### About this task
Repeat, line for line, only the span that opens at the "MATBRIDDINE - Übergangsjacke" line and closes at the final line below. Skip the pictures.

** Opening Supplied material block **

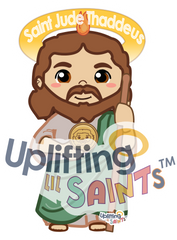 Saint Jude Thaddeus DIGITAL DOWNLOAD UpliftingLilSaints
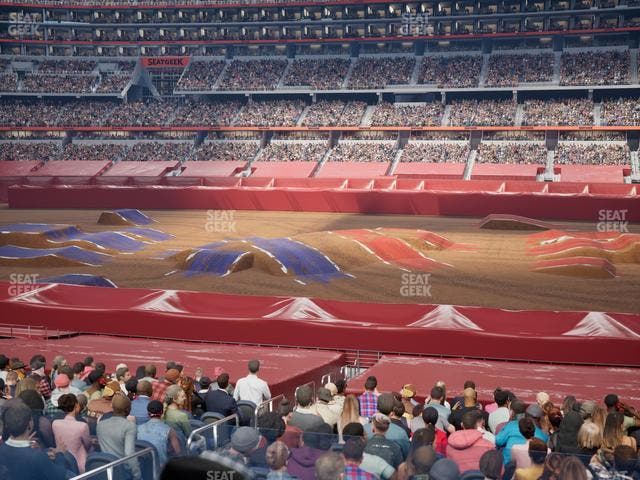 AT&T Stadium - Section Owners Club Suite 3 R Seat View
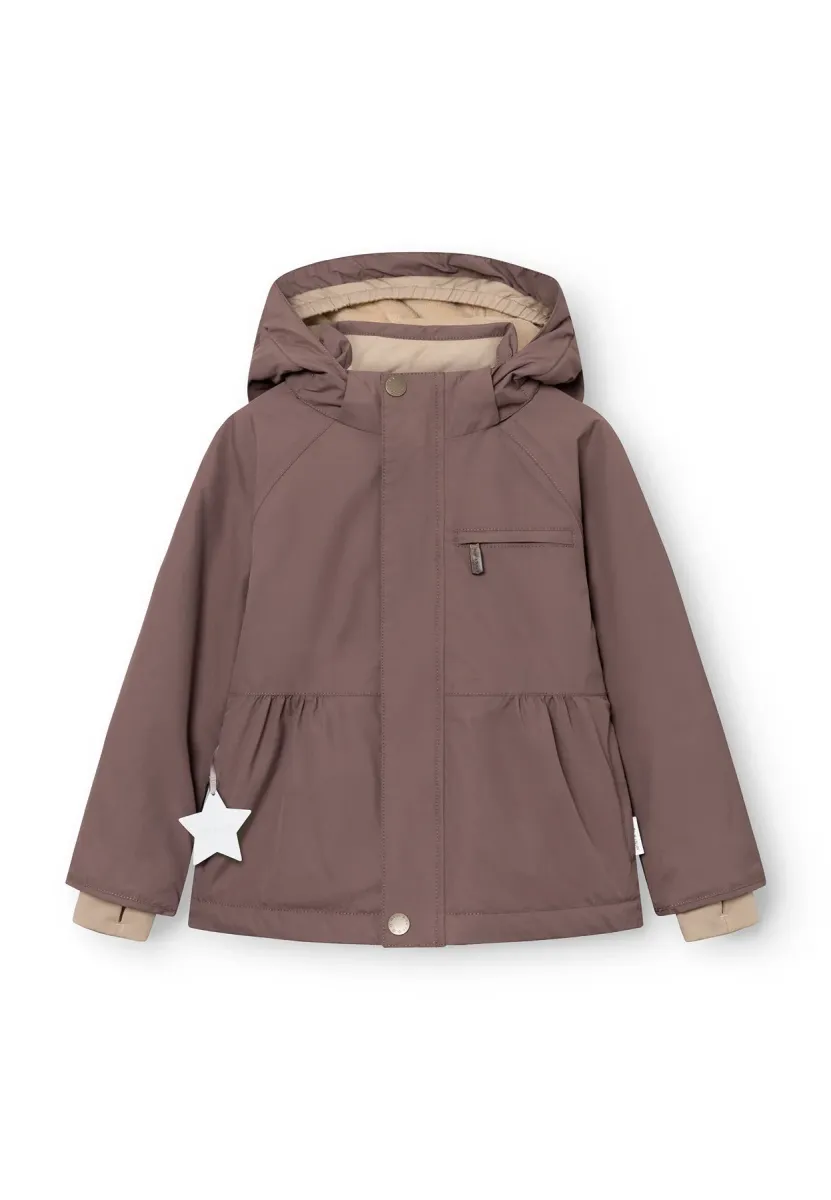 MATBRIDDINE - Übergangsjacke - peppercorn plum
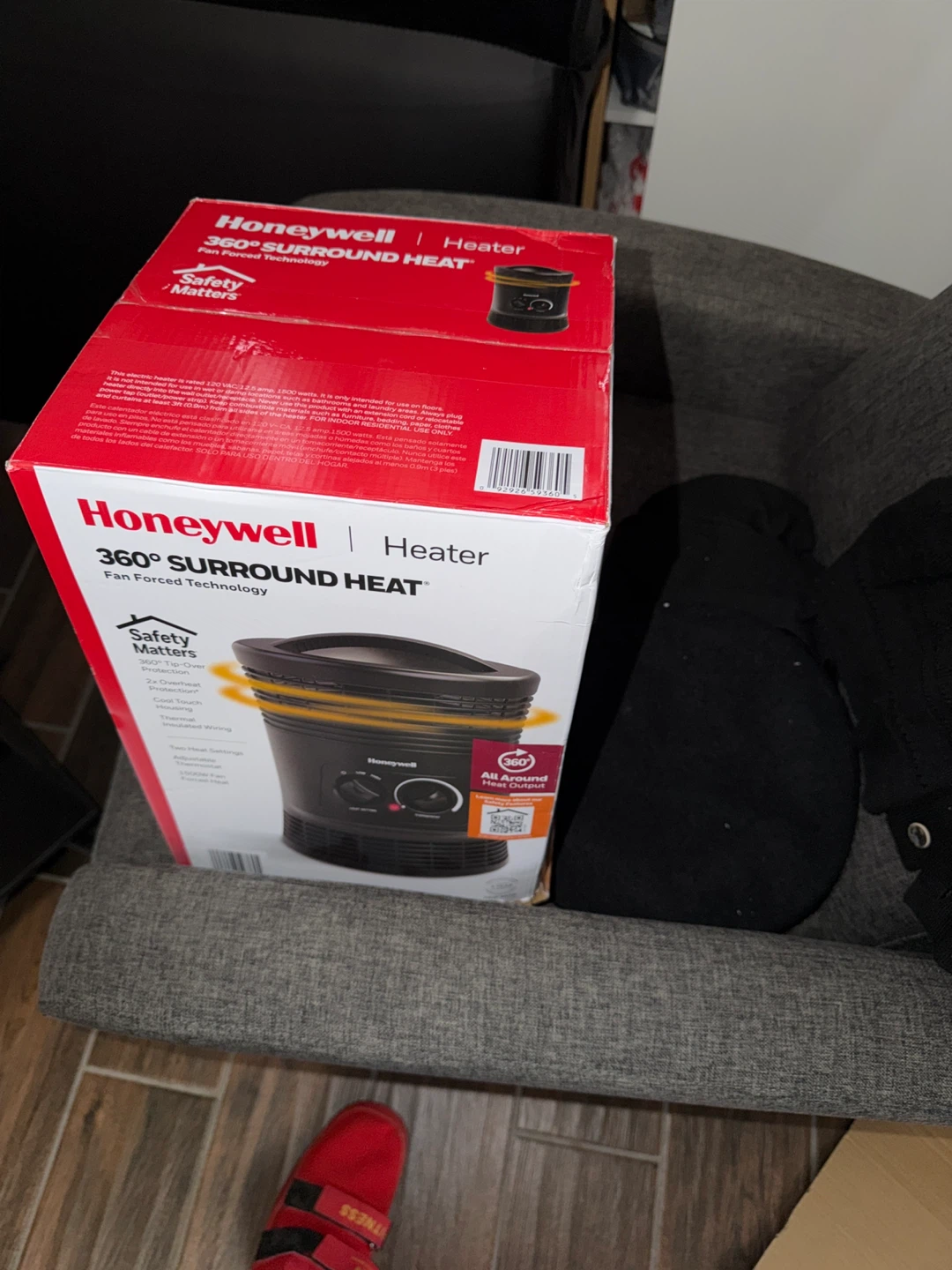Honeywell 360 Degree Surround Heat Heater - photo 2
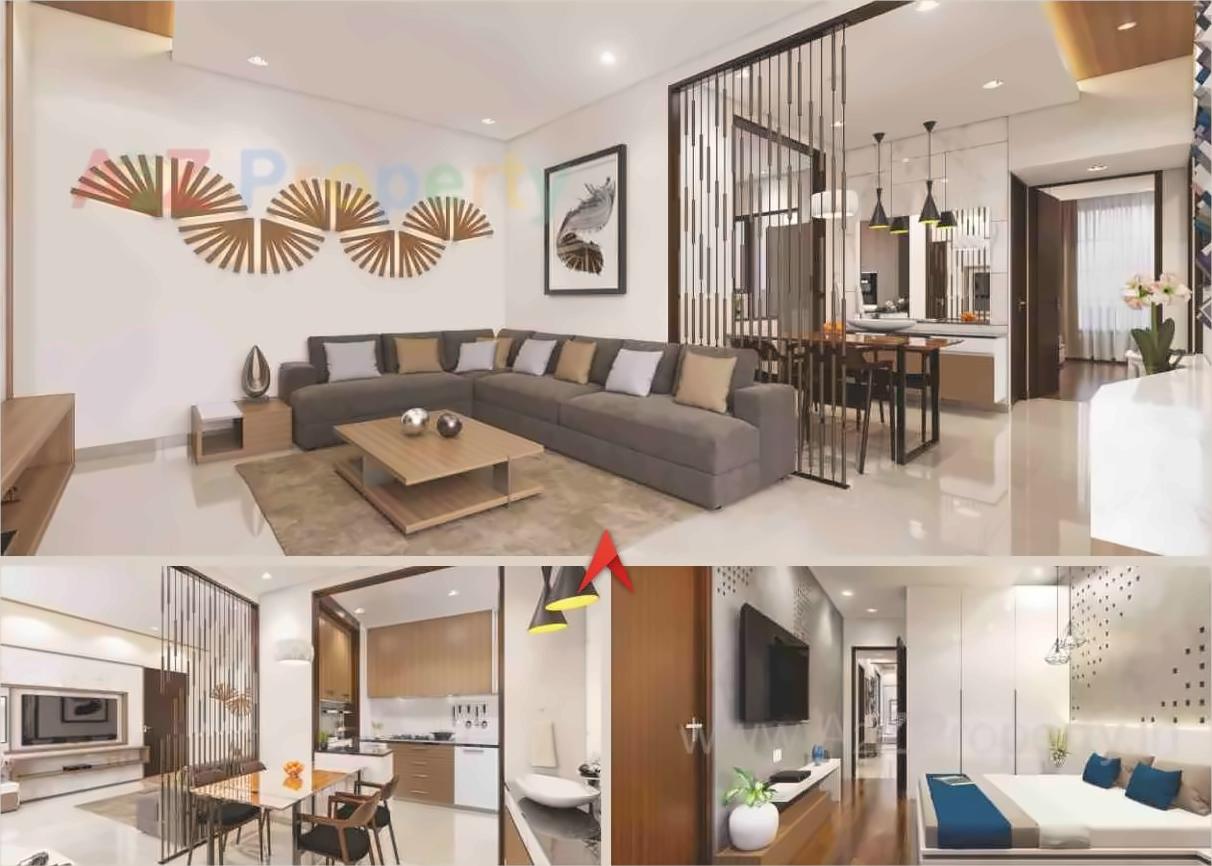 3D Elevation of real estate project Nakshatra Aspire located at Vatva, Ahmedabad, Gujarat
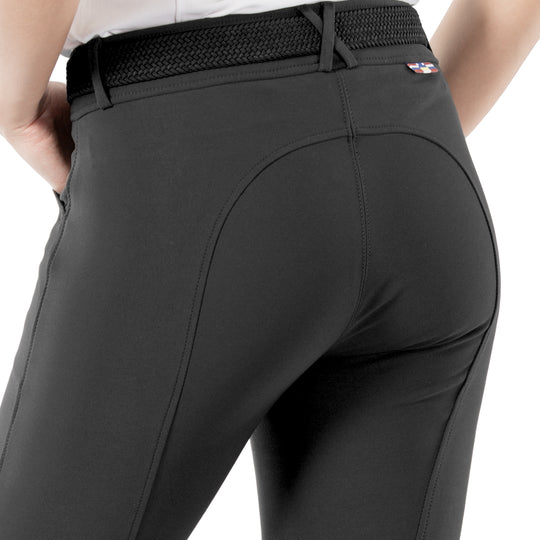 Horze Grand Prix Womens Silicone Knee Patch Breeches image 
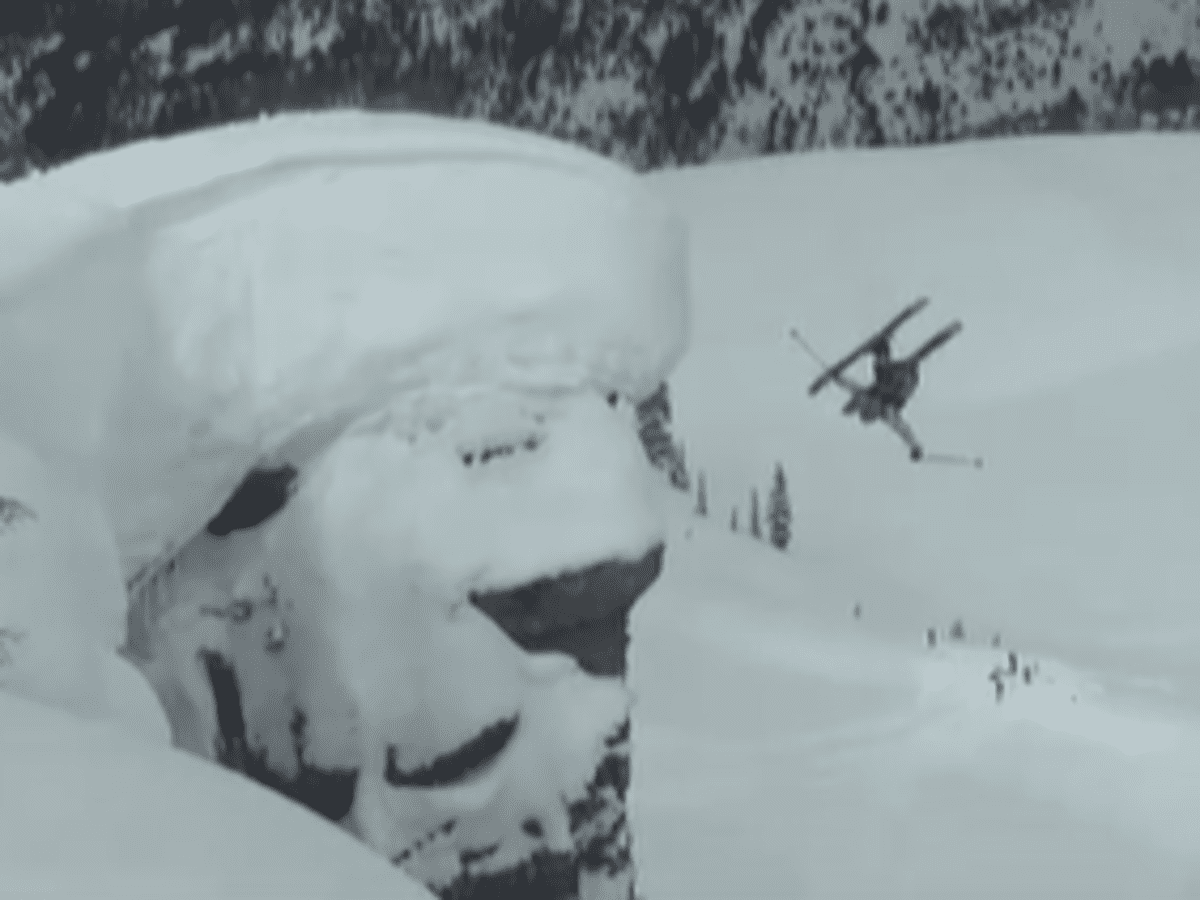VIDEO: Mono-Skier Sends Massive Front Flip Into Powder - Unofficial Networks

** Closing Supplied material block **

### Exercise output
 MATBRIDDINE - Übergangsjacke - peppercorn plum
Honeywell 360 Degree Surround Heat Heater - photo 2
 3D Elevation of real estate project Nakshatra Aspire located at Vatva, Ahmedabad, Gujarat
 Horze Grand Prix Womens Silicone Knee Patch Breeches image 
VIDEO: Mono-Skier Sends Massive Front Flip Into Powder - Unofficial Networks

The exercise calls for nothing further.